# Removing Oil Cap Causes Engine to run Rough



## rpdl62 (Aug 7, 2008)

When I remove the oil cap from my 2002 VW Passat 2.8L V6, while the engine is running, the engine "chugs" like it wants to stall. When I re-install the cap, the engine runs perfect once again. It seems to be sucking a lot of air with the cap removed. Is this normal??


----------



## shipo (Jan 3, 2006)

*Re: Removing Oil Cap Causes Engine to run Rough (rpdl62)*

Yes, completely normal. By removing the oil cap you are allowing air to enter the crank case, air that eventualy finds its way through the PCV system and into the intake manifold. Unfortunately that extra air hasn't been accounted for by the ECU, and so it throws the air/fuel ratio off, hence the rough operation.

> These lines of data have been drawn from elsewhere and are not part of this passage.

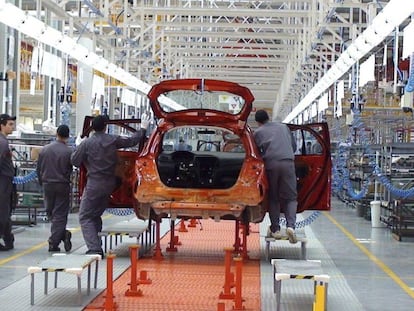 Un grupo de operarios trabaja en una planta de ensamblaje de automóviles.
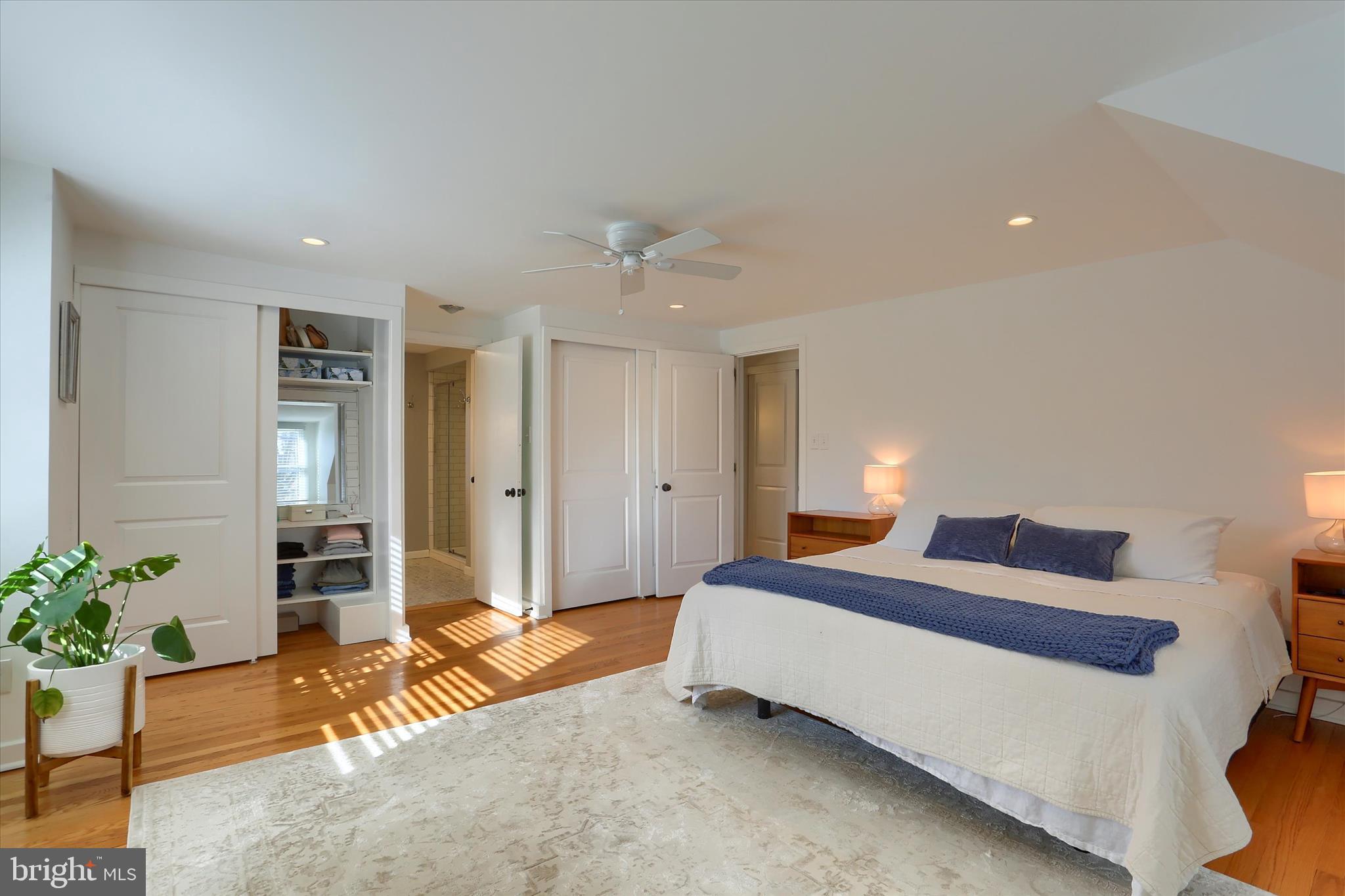 155 Oak Lane Hershey, PA 17033 - Photo 21 of 54 a spacious bedroom with a bed and potted plant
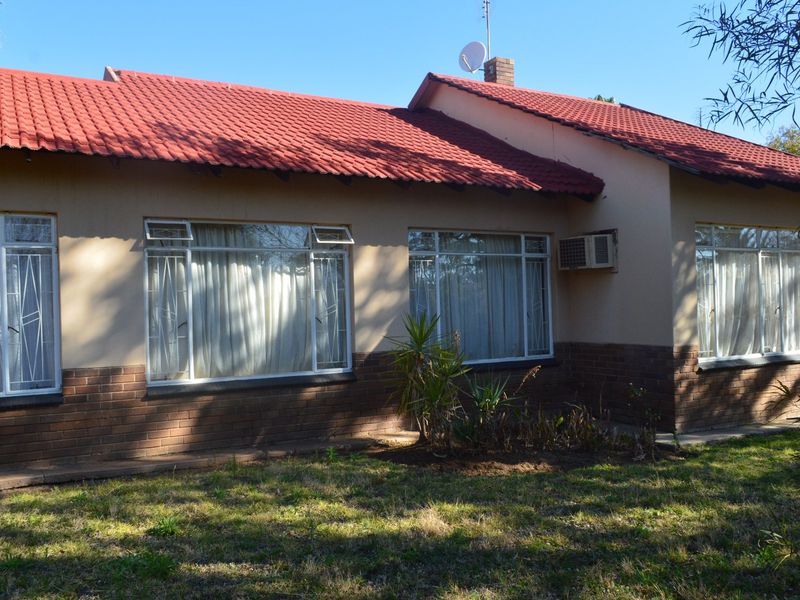 Rear view of a single-story house featuring a red tiled roof, brick base, and security bars on the windows.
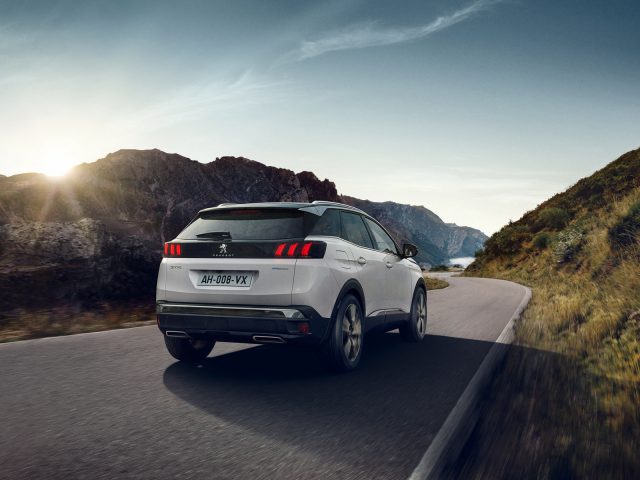 Een witte Peugeot 3008 elektrische SUV die bij zonsondergang op een bochtige weg door bergachtig terrein rijdt.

_Modified by shipo at 11:33 AM 8-7-2008_


----------



## rpdl62 (Aug 7, 2008)

*Re: Removing Oil Cap Causes Engine to run Rough (shipo)*

Thank you so much for the speedy reply. Having just had the Timing Belt, Belt Damper, Thermostat, Water Pump, Gas Tank, etc. replaced, I guess I am a little overly-causous because out of warranty repairs can be very costly! Thank you for putting my mind at ease!!


----------